#### [EXERCISE DETAILS]
Line by line, transcribe the data below exactly and pass over the images.

#### [DATA BLOCK]
^^^^

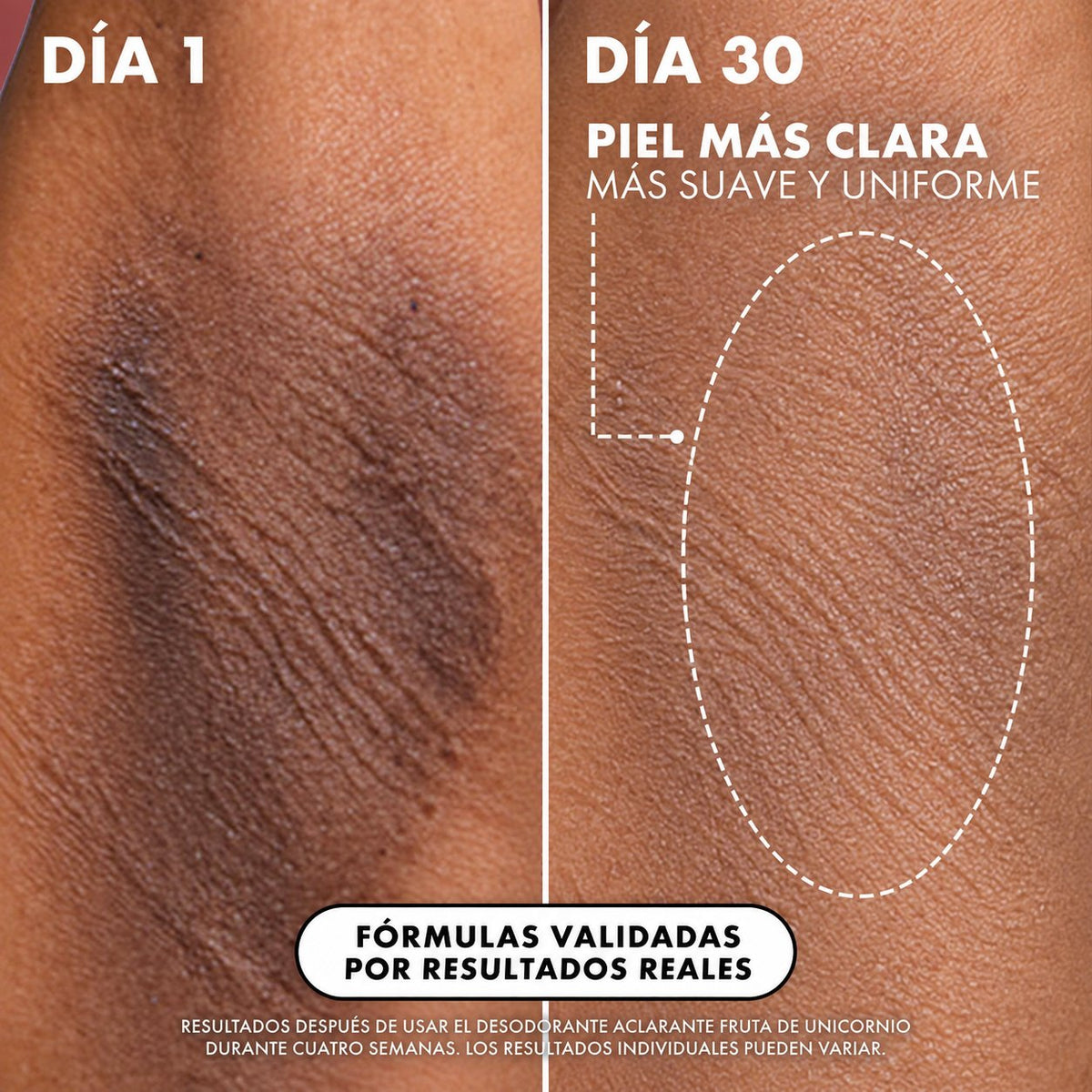 Desodorante Aclarador y Suavizante de Axilas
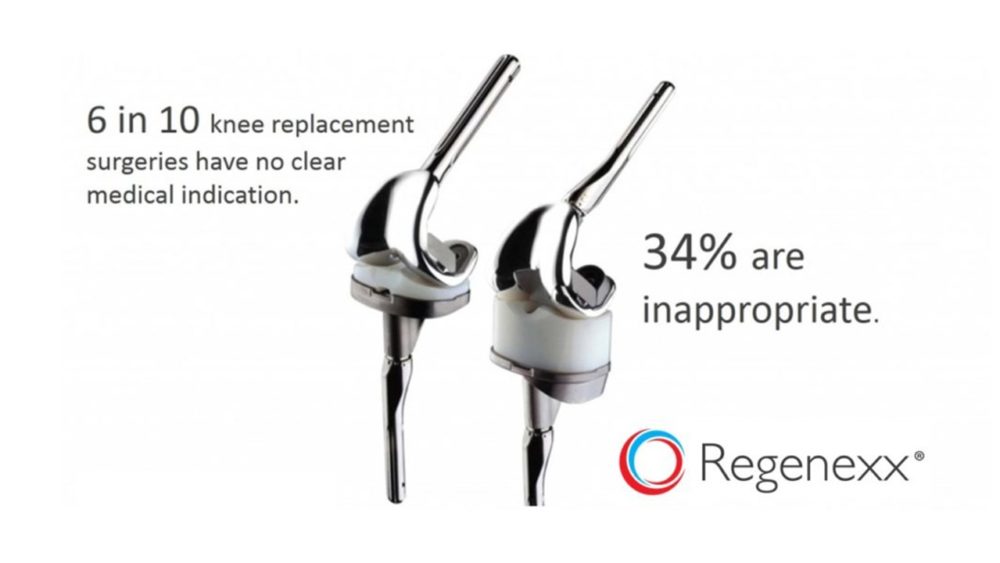One Third of Knee Replacements Are Unnecessary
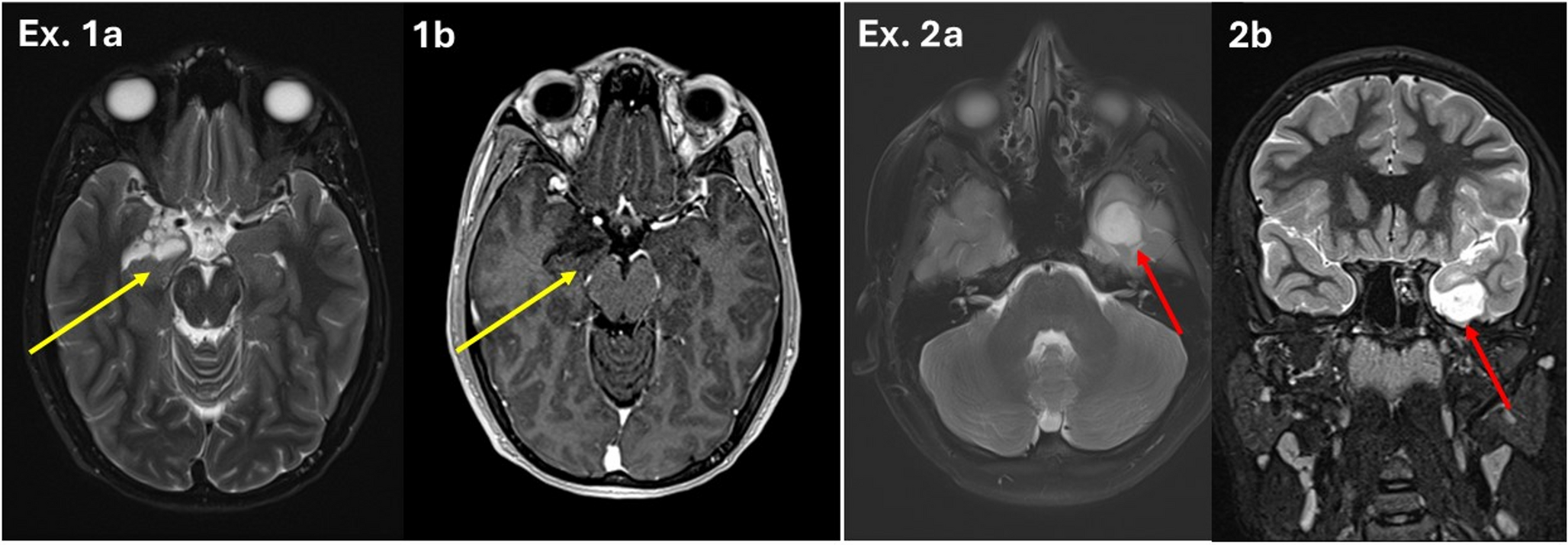 Treatment Considerations in Tumor-Related Epilepsy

^^^^

#### [ANSWER]
 Desodorante Aclarador y Suavizante de Axilas
One Third of Knee Replacements Are Unnecessary
 Treatment Considerations in Tumor-Related Epilepsy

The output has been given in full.